*PROMPT:* Each line from the start of the entries through the line that contains "Bluetooth Connection Smart" should be output exactly, please.

[Caption-style text data]

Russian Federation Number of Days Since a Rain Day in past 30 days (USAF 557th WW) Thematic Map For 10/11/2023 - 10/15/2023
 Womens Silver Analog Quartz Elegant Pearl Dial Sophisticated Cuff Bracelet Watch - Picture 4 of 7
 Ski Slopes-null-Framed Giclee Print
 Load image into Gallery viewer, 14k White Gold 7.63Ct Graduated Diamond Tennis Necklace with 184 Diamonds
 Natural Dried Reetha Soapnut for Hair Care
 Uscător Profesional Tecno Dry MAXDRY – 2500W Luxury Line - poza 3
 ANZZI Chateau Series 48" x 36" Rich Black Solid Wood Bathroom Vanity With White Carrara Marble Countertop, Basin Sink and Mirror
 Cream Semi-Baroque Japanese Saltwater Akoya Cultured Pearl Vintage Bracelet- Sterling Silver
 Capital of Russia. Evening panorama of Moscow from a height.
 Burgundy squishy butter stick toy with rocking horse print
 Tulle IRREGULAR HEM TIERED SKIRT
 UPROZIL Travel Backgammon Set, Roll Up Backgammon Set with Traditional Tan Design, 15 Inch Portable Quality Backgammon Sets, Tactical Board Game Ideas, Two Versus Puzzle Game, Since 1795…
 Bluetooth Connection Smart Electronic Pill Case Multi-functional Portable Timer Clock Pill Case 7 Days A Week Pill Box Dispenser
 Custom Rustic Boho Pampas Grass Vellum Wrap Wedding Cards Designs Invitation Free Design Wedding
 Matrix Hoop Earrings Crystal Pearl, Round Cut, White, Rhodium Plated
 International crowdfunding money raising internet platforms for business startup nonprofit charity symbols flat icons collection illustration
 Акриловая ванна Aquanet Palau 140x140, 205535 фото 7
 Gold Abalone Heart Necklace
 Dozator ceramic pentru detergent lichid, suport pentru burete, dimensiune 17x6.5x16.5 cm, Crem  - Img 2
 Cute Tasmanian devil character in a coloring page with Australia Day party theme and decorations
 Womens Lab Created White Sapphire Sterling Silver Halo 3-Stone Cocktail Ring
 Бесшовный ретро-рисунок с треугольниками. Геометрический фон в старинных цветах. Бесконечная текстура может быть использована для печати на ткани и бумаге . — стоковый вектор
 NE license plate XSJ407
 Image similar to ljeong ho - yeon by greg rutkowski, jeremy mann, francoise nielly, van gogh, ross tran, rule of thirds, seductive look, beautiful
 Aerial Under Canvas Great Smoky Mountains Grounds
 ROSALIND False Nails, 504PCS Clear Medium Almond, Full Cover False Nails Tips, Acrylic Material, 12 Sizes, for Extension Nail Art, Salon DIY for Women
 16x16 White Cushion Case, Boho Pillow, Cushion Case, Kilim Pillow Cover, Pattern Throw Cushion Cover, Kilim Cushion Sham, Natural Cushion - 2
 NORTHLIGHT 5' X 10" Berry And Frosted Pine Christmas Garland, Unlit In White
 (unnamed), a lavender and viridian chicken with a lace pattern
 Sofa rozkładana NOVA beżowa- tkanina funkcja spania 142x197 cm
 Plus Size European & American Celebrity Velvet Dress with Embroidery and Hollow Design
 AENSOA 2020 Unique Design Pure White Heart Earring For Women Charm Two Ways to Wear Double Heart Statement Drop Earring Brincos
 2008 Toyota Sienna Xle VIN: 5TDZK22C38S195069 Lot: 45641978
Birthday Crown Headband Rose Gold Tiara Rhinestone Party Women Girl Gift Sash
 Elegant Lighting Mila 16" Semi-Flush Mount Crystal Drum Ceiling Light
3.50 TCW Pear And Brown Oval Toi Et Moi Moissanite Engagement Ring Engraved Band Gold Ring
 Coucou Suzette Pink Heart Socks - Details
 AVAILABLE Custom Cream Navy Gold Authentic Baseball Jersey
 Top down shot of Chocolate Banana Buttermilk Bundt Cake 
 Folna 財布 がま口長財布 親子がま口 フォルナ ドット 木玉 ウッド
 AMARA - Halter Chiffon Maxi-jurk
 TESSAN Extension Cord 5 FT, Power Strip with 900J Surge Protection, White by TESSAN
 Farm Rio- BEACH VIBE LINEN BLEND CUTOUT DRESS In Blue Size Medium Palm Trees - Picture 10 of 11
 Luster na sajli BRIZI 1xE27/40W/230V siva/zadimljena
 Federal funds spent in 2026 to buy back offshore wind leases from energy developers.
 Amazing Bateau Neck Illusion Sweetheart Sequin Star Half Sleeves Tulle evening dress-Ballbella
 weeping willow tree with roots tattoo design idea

*SOLVED EXERCISE:*
Russian Federation Number of Days Since a Rain Day in past 30 days (USAF 557th WW) Thematic Map For 10/11/2023 - 10/15/2023
 Womens Silver Analog Quartz Elegant Pearl Dial Sophisticated Cuff Bracelet Watch - Picture 4 of 7
 Ski Slopes-null-Framed Giclee Print
 Load image into Gallery viewer, 14k White Gold 7.63Ct Graduated Diamond Tennis Necklace with 184 Diamonds
 Natural Dried Reetha Soapnut for Hair Care
 Uscător Profesional Tecno Dry MAXDRY – 2500W Luxury Line - poza 3
 ANZZI Chateau Series 48" x 36" Rich Black Solid Wood Bathroom Vanity With White Carrara Marble Countertop, Basin Sink and Mirror
 Cream Semi-Baroque Japanese Saltwater Akoya Cultured Pearl Vintage Bracelet- Sterling Silver
 Capital of Russia. Evening panorama of Moscow from a height.
 Burgundy squishy butter stick toy with rocking horse print
 Tulle IRREGULAR HEM TIERED SKIRT
 UPROZIL Travel Backgammon Set, Roll Up Backgammon Set with Traditional Tan Design, 15 Inch Portable Quality Backgammon Sets, Tactical Board Game Ideas, Two Versus Puzzle Game, Since 1795…
 Bluetooth Connection Smart Electronic Pill Case Multi-functional Portable Timer Clock Pill Case 7 Days A Week Pill Box Dispenser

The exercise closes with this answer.